I have realized that sitting at places you’ve never sat before can be inspiring. Recently, I had an epiphany. I was in a cafe which usually hosted young couples from the university nearby. The cafe was unusually overcrowded. It was Eid ul Adha and the university was closed for two days. The holiday might have been the reason drawing the crowd. A group of teenagers –two couples, it seemed, entered the cafe. They occupied the only empty table there. One boy sat along with a girl, while the other two went to place their orders at the counter. On their return, the boy romantically pulled a chair for the girl to sit which made the other girl, who was already seated at the table, swoon over them. In fact, the other girls in the cafe who noticed this, enjoyed the scene. That was some obvious chivalry shown by the boy and it seemed quite clear that the girl (rather girls) liked it.

 

I sipped down my cold coffee, read this piece on evolution of Tamil cinema, made the payment and then moved to the door. On the other side of the door, I could see three girls approaching the cafe. I, out of courtesy, held it open for the girls to walk in. Surprisingly, they stopped just one step before the entrance. I could make out from their expressions that they did not like the gesture. A moment later, I went away passing by these girls, irritated by their existence.

I asked myself, ‘Why did I even open the door for them?’ Did I really do that out of courtesy? No! I had never shown courtesy for a male before. I realized that my gesture of courtesy came out just because they were girls, and the assumption that they needed me to do it for them. That it, somehow, would’ve portrayed the gentleman in me.

I have always embraced gender equality and have tried to destroy certain notions that ‘define’ gender roles in my day to day life. So, I ask myself this question: do I really follow what I preach? But, I always accompany my mother to the market. I drop my female friends to their hostels if needed and I never let them carry heavy stuff. Rather, I carry it for them. I open doors for them. I give them my seat. I pay for their coffee and the list goes on! I wasn’t even aware that the things I was doing on grounds of being a nice guy, actually came from a patriarchal mindset. I did them because I felt I was supposed to do them.

That is chivalry: a sophisticated, softer version of patriarchy. It tells you to do certain things for the opposite gender to be a ‘gentleman’; certain things –that women might not look good doing. Like opening doors for a man, standing in a bus while a ‘man’ sits, or paying for a male friend’s coffee, and various other things that the society ‘assumes’ women should not be doing.

George Arnette, an African-American classical multi-disciplinary artist, faced a similar situation once, about which he said, ‘I then realized that her (a lady he found picking his stuff from the floor) desire for help is not what motivated me. It was my feeling that she needed or deserved my help because she’s a woman’.

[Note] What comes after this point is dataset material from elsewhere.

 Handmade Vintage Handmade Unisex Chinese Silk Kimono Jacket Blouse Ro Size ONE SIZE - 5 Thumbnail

The guy that pulled the chair for the girl in the cafe wasn’t doing it to be ‘nice’. No girl ever does that for a boy to be nice. The worst part was that the girl, along with the other females present in the cafe seem to enjoy such chivalrous gestures and believe that they are entitled to them.

“We’ve never thought about it this way.”, says Safia, an Engineering student at the University. “We in fact love it when a boy does this for us, we feel privileged”, she adds.

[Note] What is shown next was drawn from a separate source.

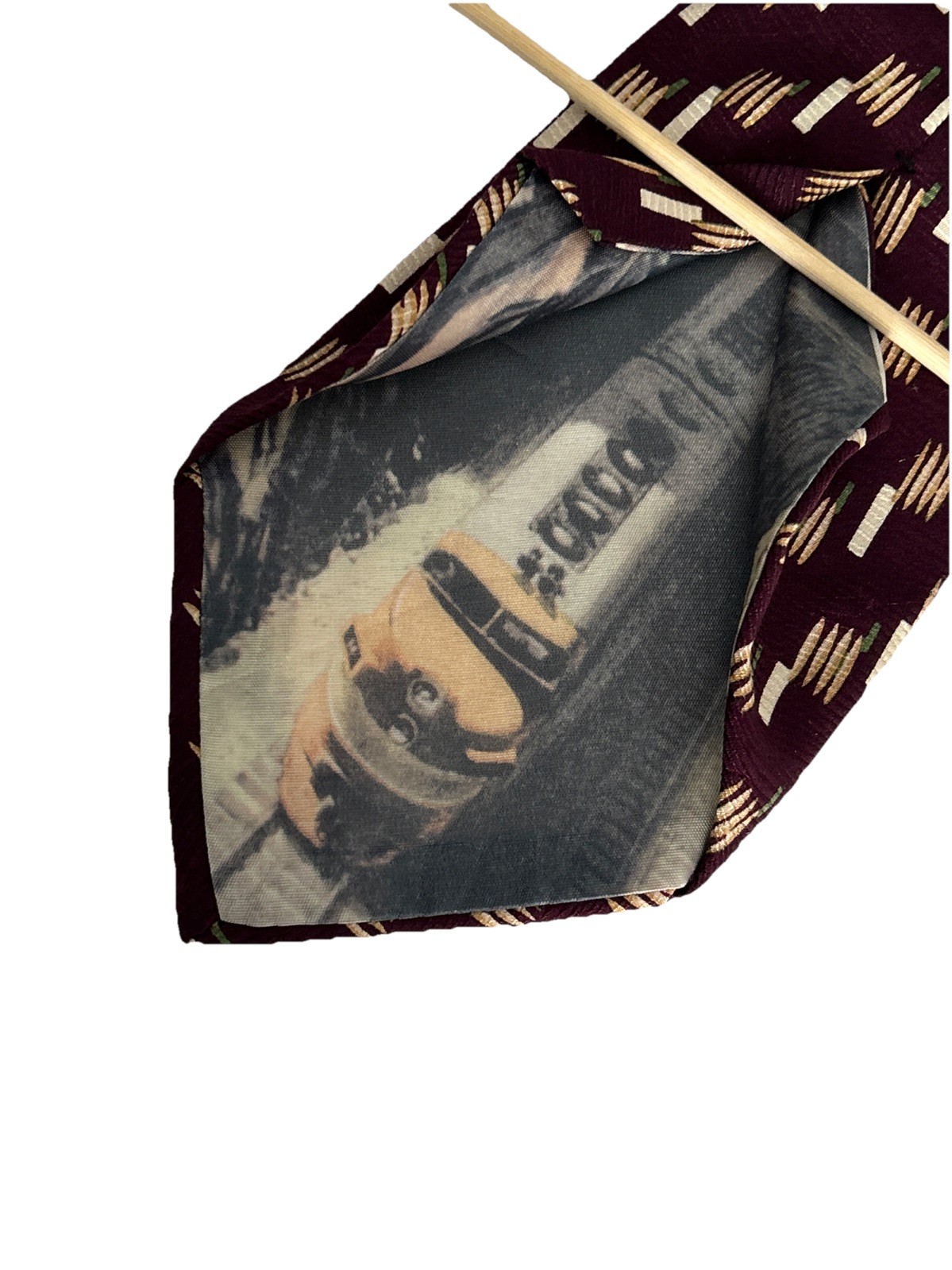 FOSSIL Maroon Beige Brown Patterned Train Peekabo… - image 2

Not been able to differentiate ‘chivalry’ from ‘courtesy’ seems to be the problem. Courtesy literally means ‘showing of politeness in one’s attitude and behavior towards others’, and it is certainly not gender specific. While on the other hand chivalry is bluntly gender specific. It is an effort to provide assistance while exerting male privilege and not giving the woman a chance to make choices and simply offering them an alternative. Chivalry should be consensual.

A recent article written by a self-proclaimed male feminist brought up an interesting paradox of chivalry: when men act according to traditional gender norms, women of feminist hues get offended, but when men fail to adhere to these ‘norms’, women are disappointed that they’re not being treated better.

Women constantly complain that there are no “good” men anymore, saying that men these days are no longer romantic and are no longer chivalrous.

But how is a man supposed to be chivalrous when grabbing the check at the end of a date defies everything that the women been fighting for? A women can pull out her own chair at a restaurant, and her date knows that, so with women’s equality in mind, should he still do it? Does an act that was once seen as courteous now have implications of women being inferior?

Where are we going wrong? It seems like it’s not so much chivalry that women want as much as ‘polite gestures’ and ‘respect’. And guess what? Men deserve them just as much as women do! There we are. Chivalry must be replaced by polite gestures and respect for each other, rather than supremacy of one over the other or expectation of entitlements. And the replacement must be considered by all the sexes equally.

As Richard M. Weaver rightfully said, “Chivalry is a romantic idealism closely related to Christianity, which makes honor the guiding principle of conduct. Connected with this is the ancient concept of the gentleman.”